Aurait-il fait cette déclaration et avec cette violence, si ce n’était qu’une pure allégation mensongère ?

Il lui avait dit encore :

« Je vous sacrifie ma fidélité. Mon cher enfant, après sa mort… »

Certes, tout cela s’élevait avec une grande force contre l’abominable supposition que Rosa osait à peine formuler tout bas.

Et, pourtant, c’était un homme si terrible…

En somme, la pauvre fille (car quelle connaissance pouvait-elle avoir d’une nature criminelle, quand ceux qui en font leur constante étude se trompent sans cesse, parce qu’ils essayent de la juger sur les faits communs de l’intelligence humaine, au lieu de la considérer comme une horrible et monstrueuse exception), la pauvre fille, disons-nous, ne pouvait arriver à d’autre conclusion que celle-ci :

« Jasper est un homme terrible, et je dois le fuir. »

Elle avait été longtemps l’appui et la consolation d’Helena ; elle l’avait constamment assurée de sa foi entière en l’innocence de son frère et de sa sympathie pour Neville dans son malheur.
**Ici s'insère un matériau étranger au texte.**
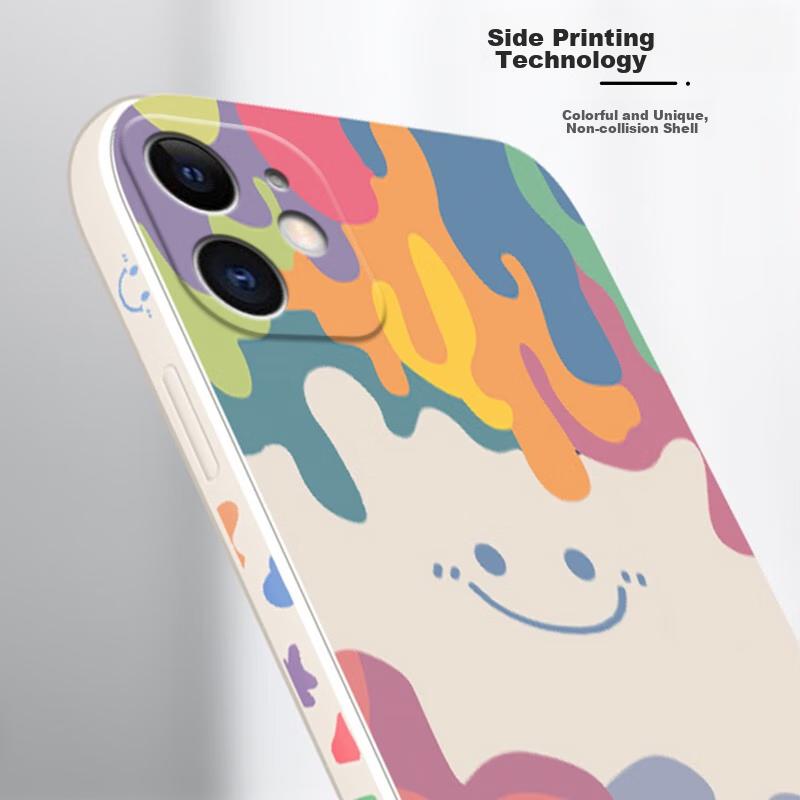 Liquid Silicone Case for IPhone 11, Protective Cover with Painted Creative Design, Shockproof Soft Smiley Face], 6.1 Inch, White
Mais elle n’avait pas vu Neville depuis la disparition d’Edwin Drood, et jamais Héléna ne lui avait dit un mot des aveux du jeune homme à M. Crisparkle.

C’était pour elle le frère infortuné d’Héléna et rien de plus.

La déclaration qu’elle avait faite à son odieux adorateur était donc rigoureusement vraie, et il eût mieux valu, elle se le disait à présent, qu’elle se fût abstenue de la faire.

La peur qu’avait de lui cette charmante et délicate créature, faisait un monstre à ses yeux de tout ce qui venait de Jasper ; son esprit se révoltait à la pensée de tenir de la bouche du chantre la révélation de l’amour de Neville.

Mais où devait-elle aller ?

N’importe où, pourvu qu’elle fût à l’abri de ses poursuites.